Premium pricing segments the market for customers who see value in what you do.
And premium pricing allows you to afford customer service.
Start? We're well past that. If your SaaS is just a fancy wrapper on some CRUD it's already been cloned by AI a dozen times. Even if it has some level of sophistication, unless there is a trove of data that only you have access to, it's already been cloned.
Have to train on top of the models or have some sauce not publically available.
Hard part has never been building software anyway ita getting clients and building trust with them.
You did not get my point. My point was about if user just start cloning apps they are already using.
This doesn’t work now unfortunately as described. Cloning is multi-months effort and it’s hard even when you know what you’re doing. If you want to have a sellable clone, it’s even harder challenge as users wouldn’t tolerate sloppy work when better alternatives exist.
You just discovered the SaaSpocalypse that began around January this year.
Is there an actual SaaSpocalypse, or just people saying it is going to happen?
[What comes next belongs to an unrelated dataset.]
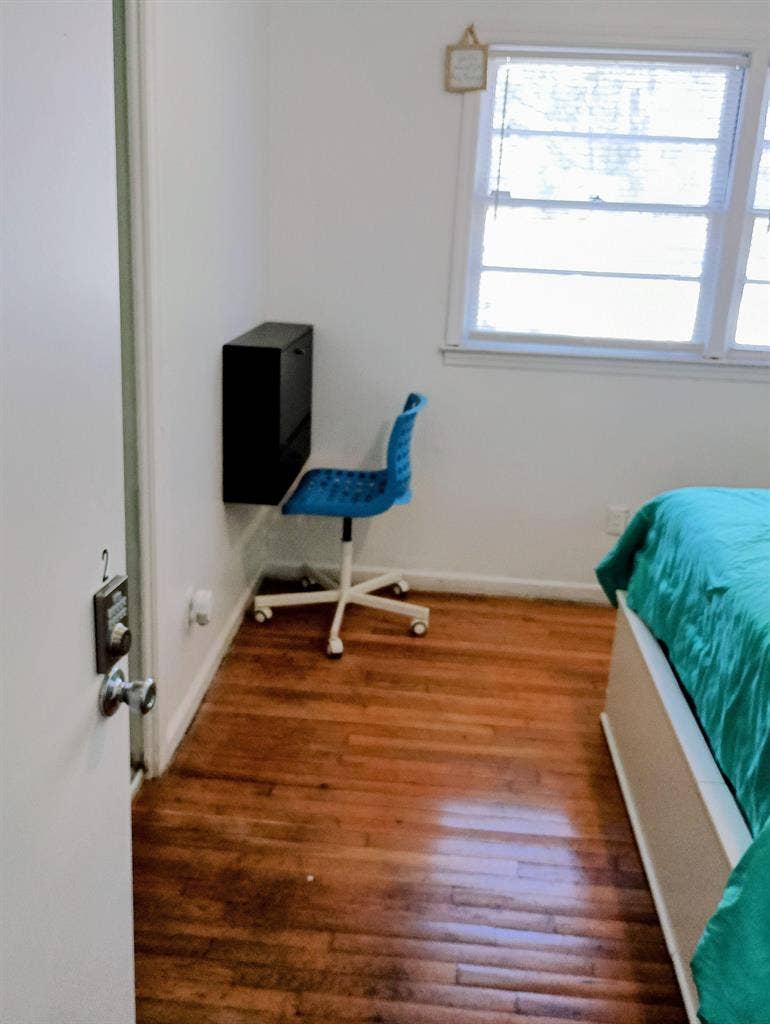 5 BR in Atlanta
Because I haven’t seen it with my eyes, and it’s not like business owners are flooding to HN to complain how AI has killed their business.
I'm not sure "SaaSpocalypse" is anything more than hyperbole, but there is a grain of truth behind the thought - What I'm seeing is not companies saying "We should re-write this product we use" as much as it is resellers saying "We can be more than middle-men if we create our own."
What's going away is really shitty business models out of spite. I'd rather not build it myself, I'd rather just pay someone else to do it, but if the vendor is being a bunch of shitheads, I'll roll up my sleeves and replace them.